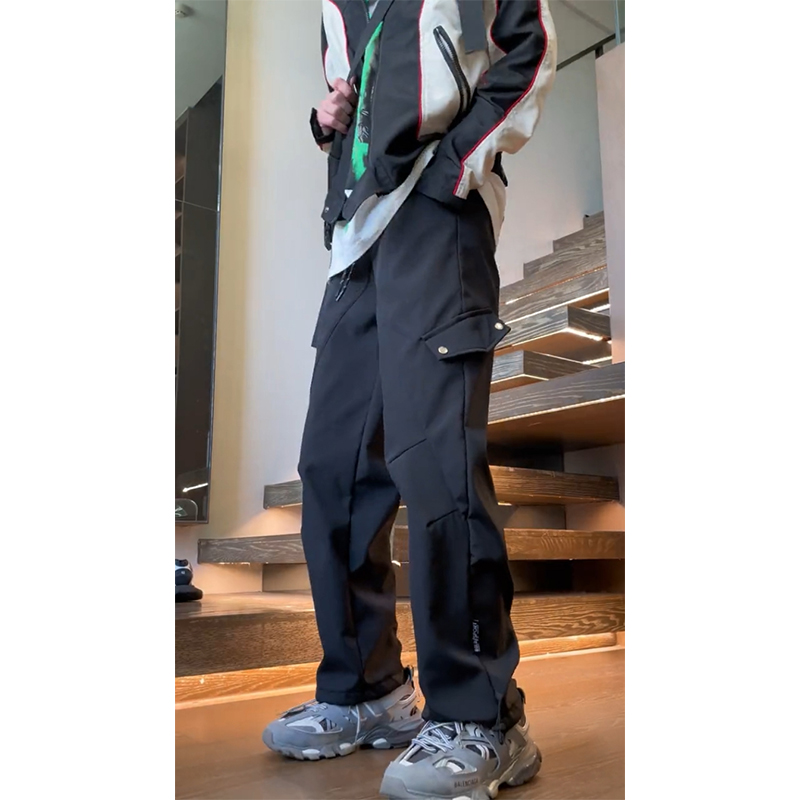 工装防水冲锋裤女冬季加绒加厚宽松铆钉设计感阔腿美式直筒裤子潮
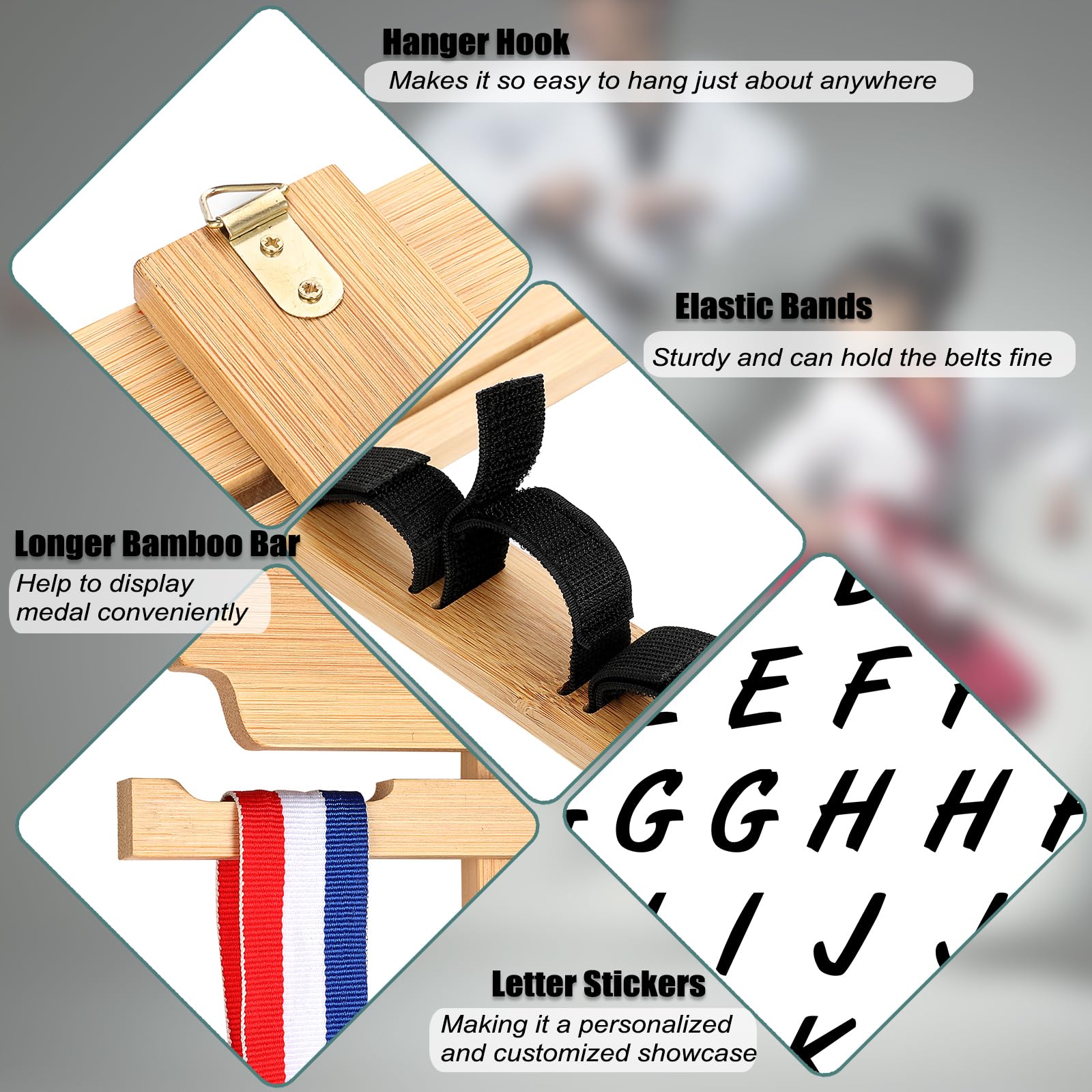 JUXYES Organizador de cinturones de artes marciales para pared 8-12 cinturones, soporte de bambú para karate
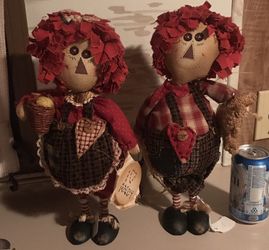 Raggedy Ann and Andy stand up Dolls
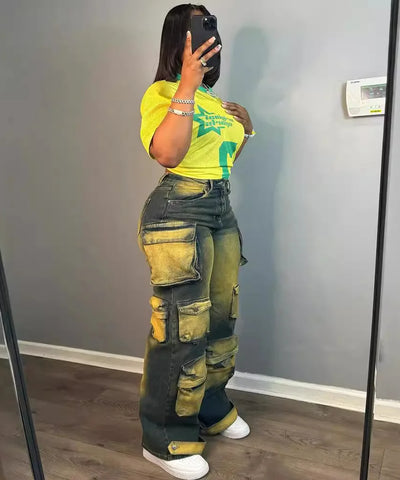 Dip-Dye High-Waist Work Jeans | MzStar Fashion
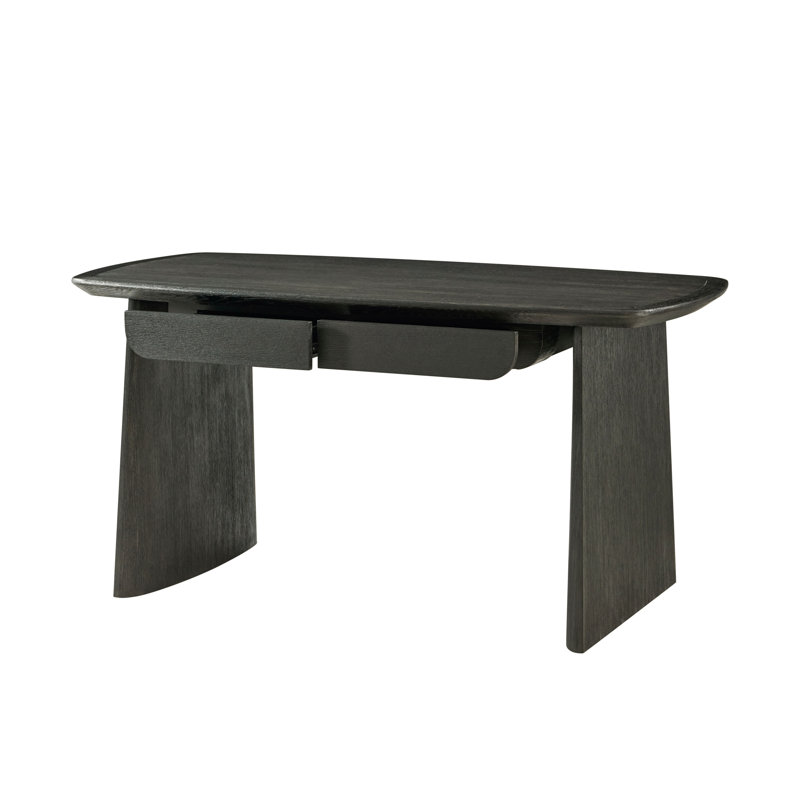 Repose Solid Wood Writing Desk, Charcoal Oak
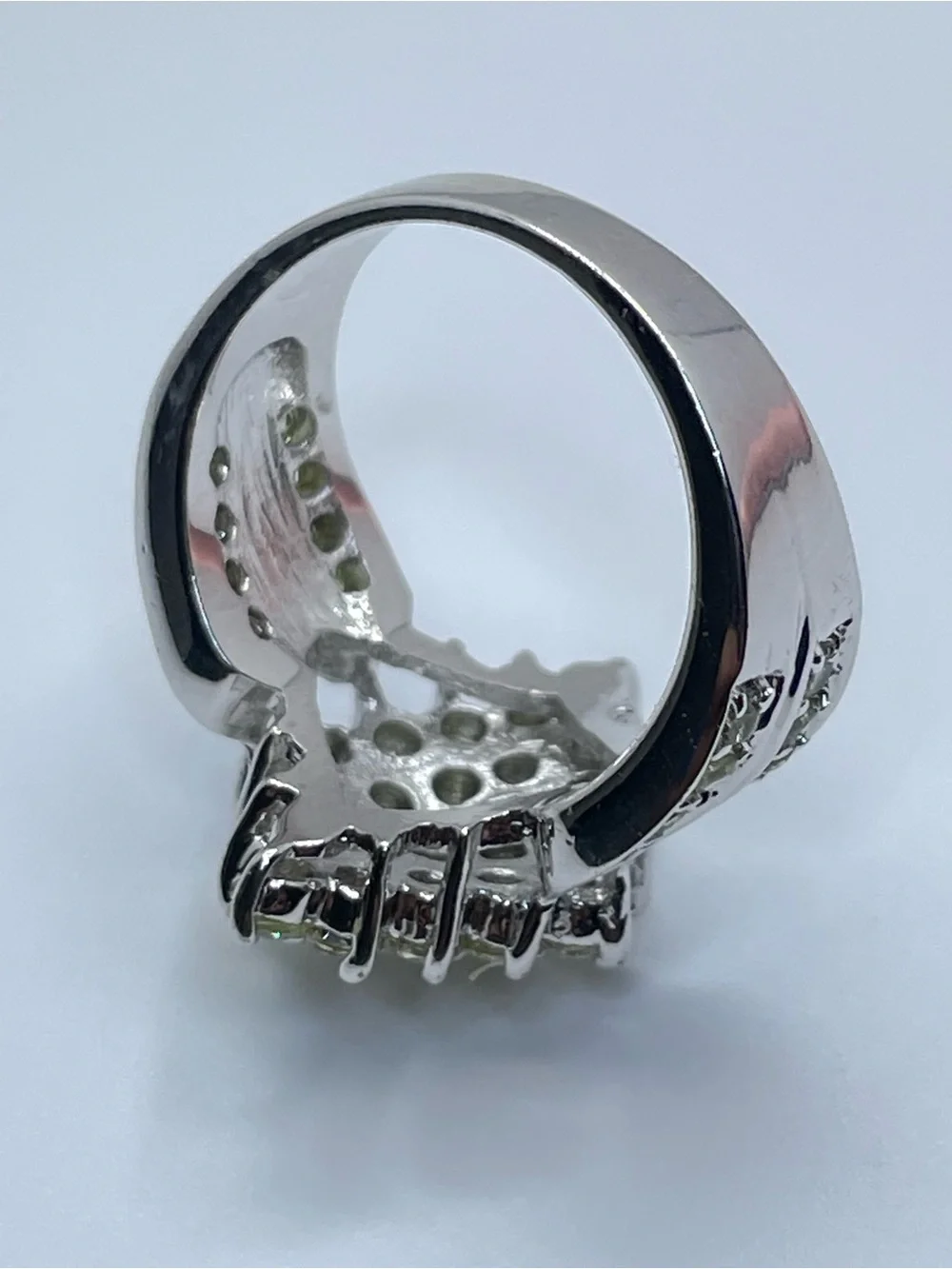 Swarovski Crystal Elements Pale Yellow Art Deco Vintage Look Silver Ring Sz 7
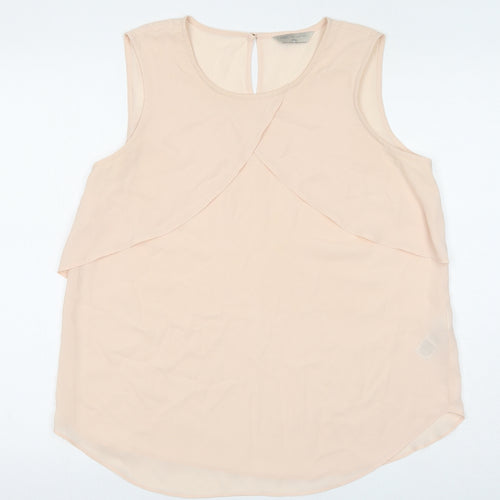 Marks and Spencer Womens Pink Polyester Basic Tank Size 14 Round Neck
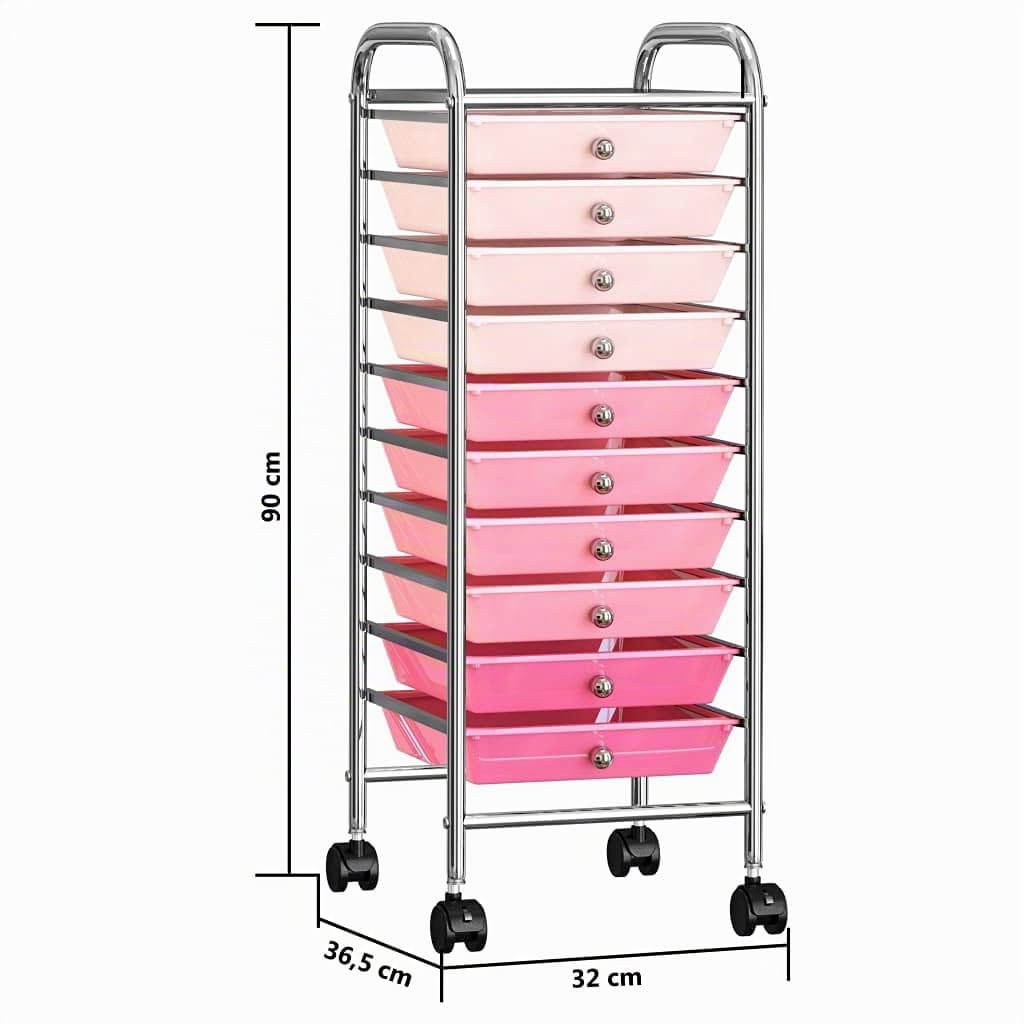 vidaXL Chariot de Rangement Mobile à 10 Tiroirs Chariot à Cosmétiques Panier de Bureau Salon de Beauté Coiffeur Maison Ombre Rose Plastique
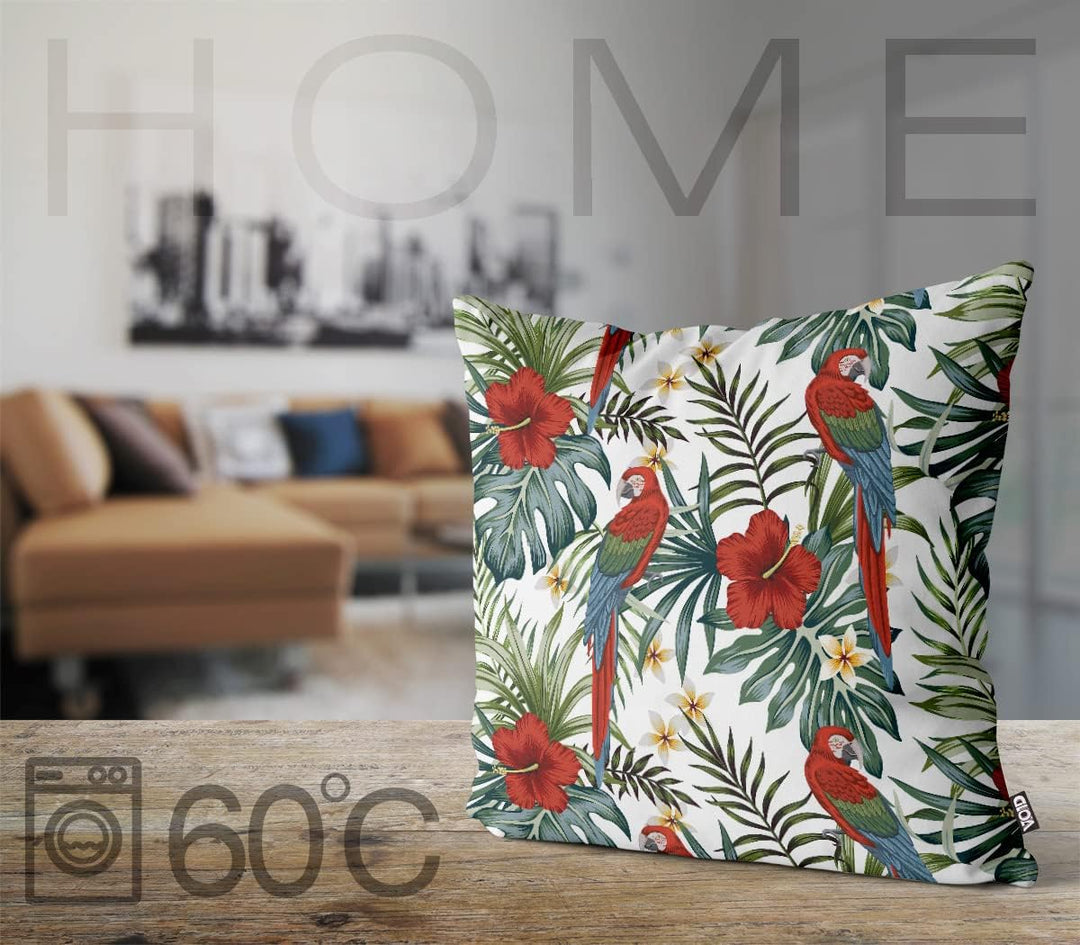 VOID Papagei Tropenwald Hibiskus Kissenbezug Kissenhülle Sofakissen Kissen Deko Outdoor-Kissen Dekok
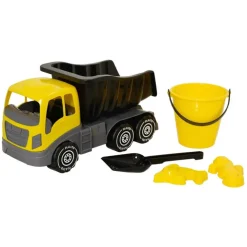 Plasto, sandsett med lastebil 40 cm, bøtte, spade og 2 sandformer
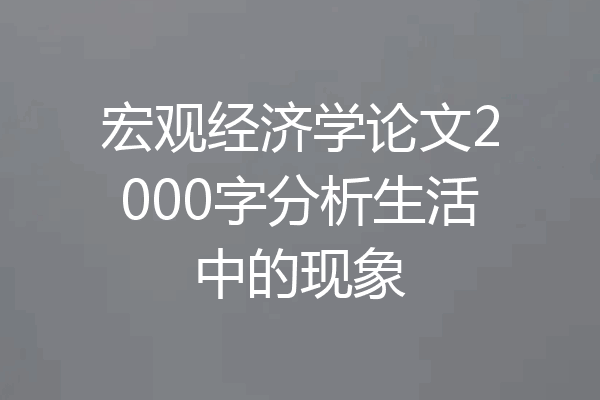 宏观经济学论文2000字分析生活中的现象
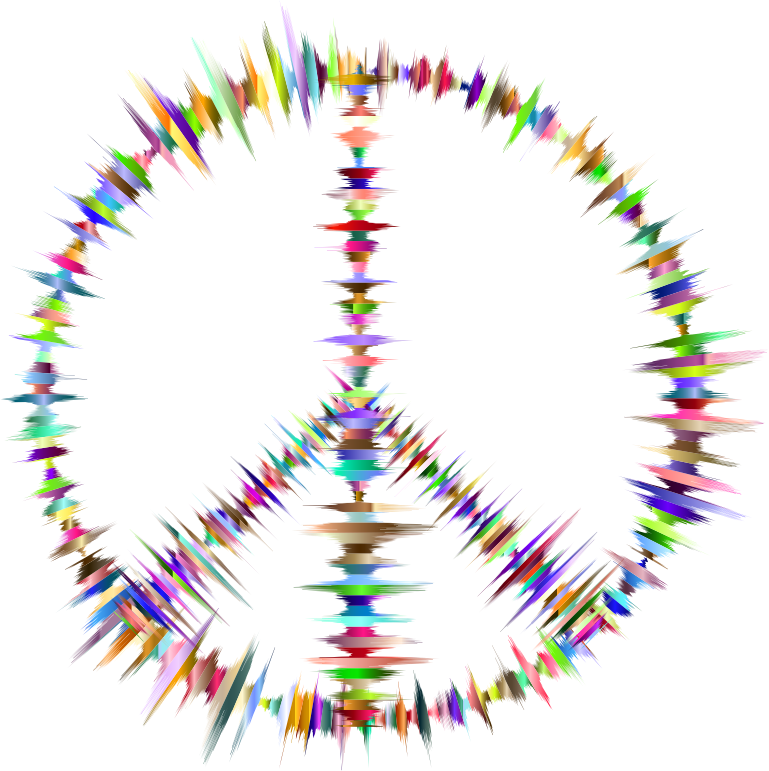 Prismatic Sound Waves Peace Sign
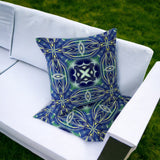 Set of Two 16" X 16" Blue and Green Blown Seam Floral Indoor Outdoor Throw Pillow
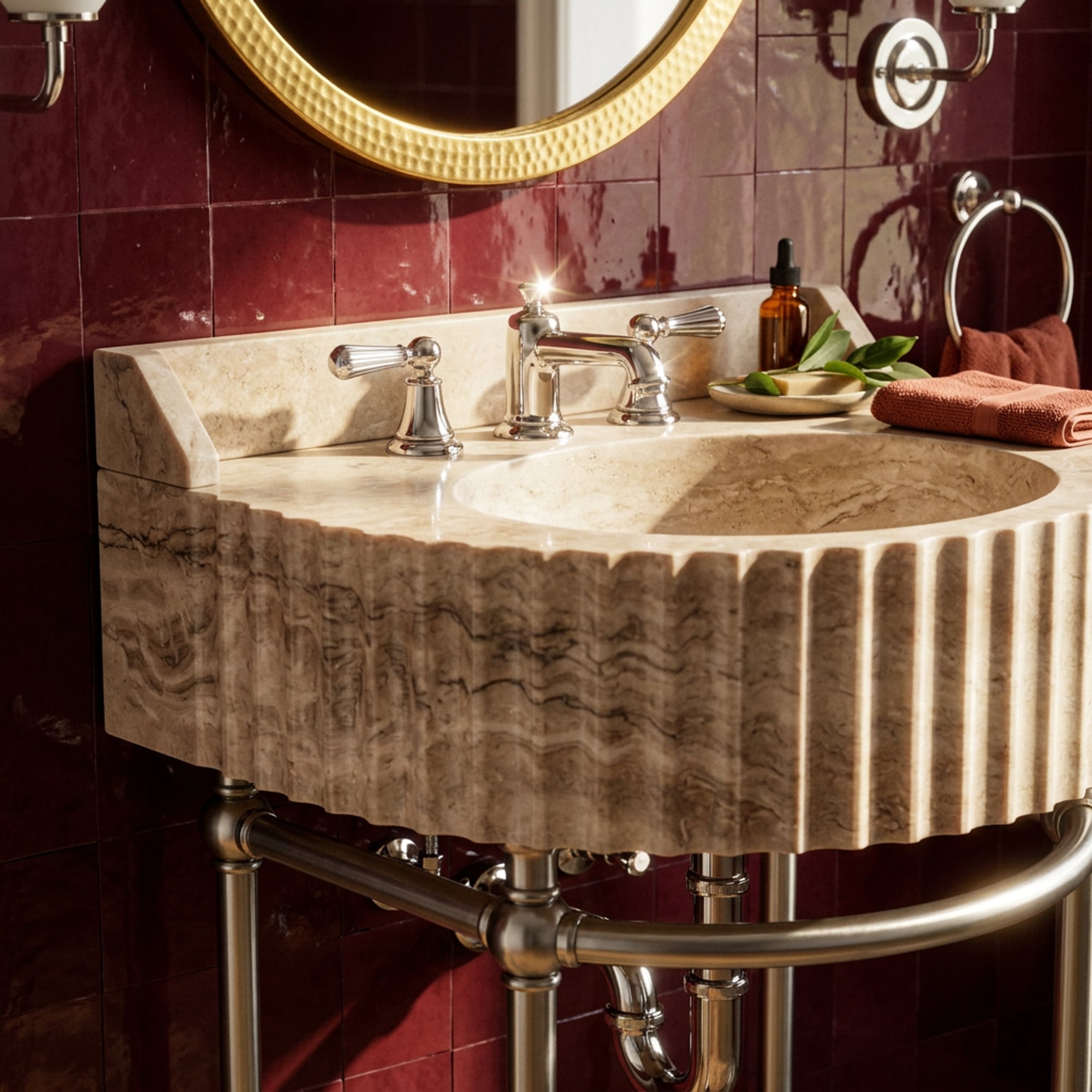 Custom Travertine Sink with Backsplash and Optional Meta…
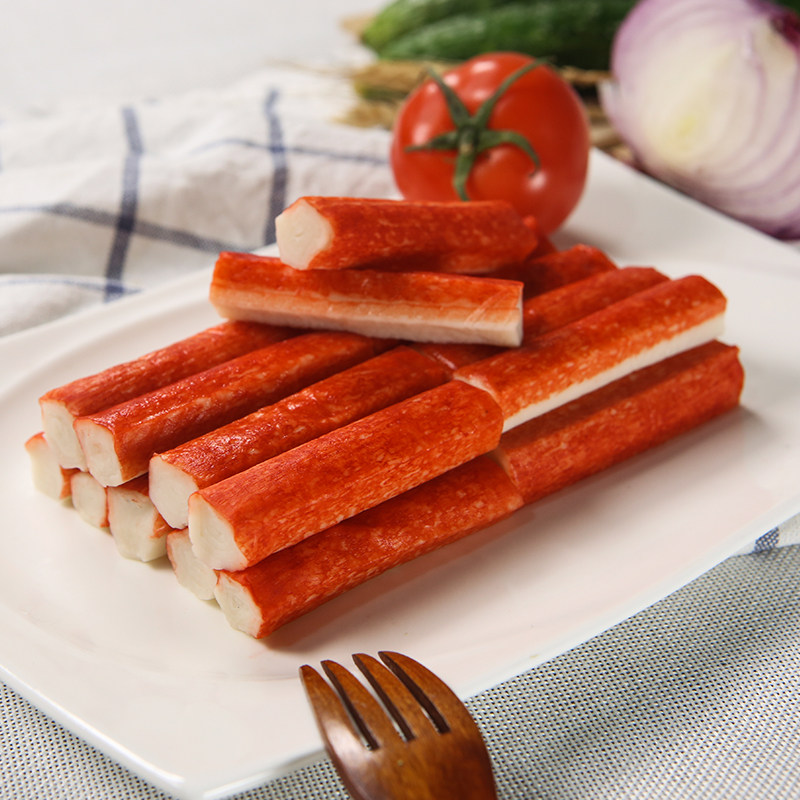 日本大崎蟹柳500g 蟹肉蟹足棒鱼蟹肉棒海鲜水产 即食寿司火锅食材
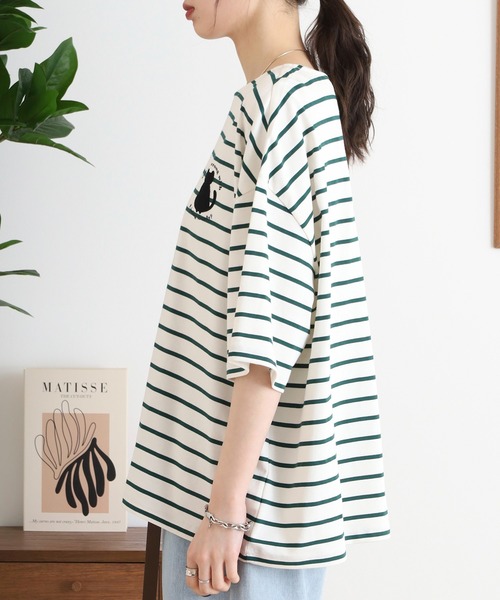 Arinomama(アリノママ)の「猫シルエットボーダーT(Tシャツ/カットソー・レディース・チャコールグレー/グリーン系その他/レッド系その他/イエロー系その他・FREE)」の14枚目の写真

Work to complete:
Nothing but the lines from the one containing "Prismatic Sound Waves Peace Sign" through the end of the listing should be printed, each exactly as it appears and without pictures.

Reply:
 Prismatic Sound Waves Peace Sign
 Set of Two 16" X 16" Blue and Green Blown Seam Floral Indoor Outdoor Throw Pillow
 Custom Travertine Sink with Backsplash and Optional Meta…
 日本大崎蟹柳500g 蟹肉蟹足棒鱼蟹肉棒海鲜水产 即食寿司火锅食材
 Arinomama(アリノママ)の「猫シルエットボーダーT(Tシャツ/カットソー・レディース・チャコールグレー/グリーン系その他/レッド系その他/イエロー系その他・FREE)」の14枚目の写真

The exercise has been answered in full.